Jacques Audiard’s Un Prophète has been called a French Goodfellas, combining elements of the prison movie, the gangster film, and the coming of age story all at once.
This Goodfellas tag is kind of a marketing ploy. Watching the movie never reminded me of the Scorsese classic. No, Un Prophète is something different. Though sharing some thematic elements with Goodfellas, it in fact reminds one more of Malcolm X, in that it is a story about a naive boy being transformed, nay, re-born in prison into a knowing leader of men.
But don’t get it twisted. Un Prophète is not a religious movie. It is not about Islamic Jihad or any theologico-political movement.
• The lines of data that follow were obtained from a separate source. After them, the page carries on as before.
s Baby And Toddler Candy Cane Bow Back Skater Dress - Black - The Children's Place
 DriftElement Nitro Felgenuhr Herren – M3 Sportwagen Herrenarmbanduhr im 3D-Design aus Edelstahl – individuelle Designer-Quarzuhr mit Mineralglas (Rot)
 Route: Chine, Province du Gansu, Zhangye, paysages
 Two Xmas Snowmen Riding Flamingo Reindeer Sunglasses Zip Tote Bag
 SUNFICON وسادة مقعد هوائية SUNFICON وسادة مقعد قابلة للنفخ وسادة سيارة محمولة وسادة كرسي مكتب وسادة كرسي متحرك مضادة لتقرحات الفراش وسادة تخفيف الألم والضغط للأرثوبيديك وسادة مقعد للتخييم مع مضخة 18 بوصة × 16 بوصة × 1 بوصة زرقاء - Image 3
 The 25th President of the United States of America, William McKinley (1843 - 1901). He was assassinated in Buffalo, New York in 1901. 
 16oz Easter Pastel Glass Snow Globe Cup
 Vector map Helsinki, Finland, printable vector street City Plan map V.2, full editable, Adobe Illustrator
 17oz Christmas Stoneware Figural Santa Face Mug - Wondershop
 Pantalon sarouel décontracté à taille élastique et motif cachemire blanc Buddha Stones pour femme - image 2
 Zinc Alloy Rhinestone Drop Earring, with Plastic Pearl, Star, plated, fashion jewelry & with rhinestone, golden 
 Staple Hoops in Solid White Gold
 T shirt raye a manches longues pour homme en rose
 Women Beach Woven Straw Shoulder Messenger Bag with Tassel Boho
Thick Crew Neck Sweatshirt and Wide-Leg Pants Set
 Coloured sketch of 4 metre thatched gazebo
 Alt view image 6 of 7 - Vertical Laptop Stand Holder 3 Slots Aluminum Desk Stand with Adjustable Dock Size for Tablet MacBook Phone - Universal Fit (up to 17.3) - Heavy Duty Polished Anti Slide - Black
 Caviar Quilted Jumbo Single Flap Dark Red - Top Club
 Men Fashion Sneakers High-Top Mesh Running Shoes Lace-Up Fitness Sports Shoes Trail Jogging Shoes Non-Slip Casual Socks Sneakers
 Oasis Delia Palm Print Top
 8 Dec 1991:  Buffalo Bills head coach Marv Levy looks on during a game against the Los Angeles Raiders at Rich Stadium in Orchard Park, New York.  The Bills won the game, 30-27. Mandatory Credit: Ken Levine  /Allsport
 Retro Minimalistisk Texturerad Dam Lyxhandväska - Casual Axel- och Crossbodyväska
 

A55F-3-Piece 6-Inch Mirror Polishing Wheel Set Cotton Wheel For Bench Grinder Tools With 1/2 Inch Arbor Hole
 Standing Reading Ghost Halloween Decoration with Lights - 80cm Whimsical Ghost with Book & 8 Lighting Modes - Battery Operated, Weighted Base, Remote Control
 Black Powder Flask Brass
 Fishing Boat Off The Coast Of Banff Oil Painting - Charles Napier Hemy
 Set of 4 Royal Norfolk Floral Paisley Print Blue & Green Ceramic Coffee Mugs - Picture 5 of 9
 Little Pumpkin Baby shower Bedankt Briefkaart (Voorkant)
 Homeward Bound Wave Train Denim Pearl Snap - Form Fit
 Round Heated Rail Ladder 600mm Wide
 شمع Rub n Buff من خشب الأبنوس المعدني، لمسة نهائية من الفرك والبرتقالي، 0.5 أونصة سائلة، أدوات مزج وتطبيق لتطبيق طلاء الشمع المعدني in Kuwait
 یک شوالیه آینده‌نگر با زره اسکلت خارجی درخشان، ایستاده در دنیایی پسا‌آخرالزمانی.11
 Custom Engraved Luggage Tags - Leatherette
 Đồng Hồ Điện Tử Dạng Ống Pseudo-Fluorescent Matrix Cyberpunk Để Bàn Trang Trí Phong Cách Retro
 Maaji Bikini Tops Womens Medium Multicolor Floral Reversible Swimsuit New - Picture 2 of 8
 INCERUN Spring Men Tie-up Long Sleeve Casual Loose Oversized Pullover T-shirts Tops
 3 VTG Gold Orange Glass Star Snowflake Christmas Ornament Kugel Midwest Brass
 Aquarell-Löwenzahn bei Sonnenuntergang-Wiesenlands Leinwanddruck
It is a film about a young man of ambition, a man on the rise, a man with a dream.
Audiard stated that the film aims at “creating icons, images for people who don’t have images, the Arabs in France.” The most celebrated film coming out of the annual Cannes Festival this year, the honors given to this remarkable Franco-Italian collaborative production have been well-deserved (Un Prophète won the Grand Prix at Cannes, best film at the London Film Festival, France’s own Louis-Delluc prize for best film, and France’s submission for the 2010 Oscar for Best Foreign Film). Undoubtedly, it is an excellent film. But it is more than that. It is really something special to watch.
With all its strengths, the greatest asset of this movie is arguably the incredible performance by its lead actor, Tahar Rahim. It is through the eyes
of Rahim’s character, Malik, that the audience experiences the film.
A native born Frenchman of Algerian heritage, Rahim is a new face in European cinema, and in my opinion, one of its greatest young acting talents. The skill, power, and total immersion into character of his performance reminds one of the best work of the young Robert DeNiro or Daniel Day-Lewis. Indeed, his performance garnered him the best actor’s prize at the European film awards.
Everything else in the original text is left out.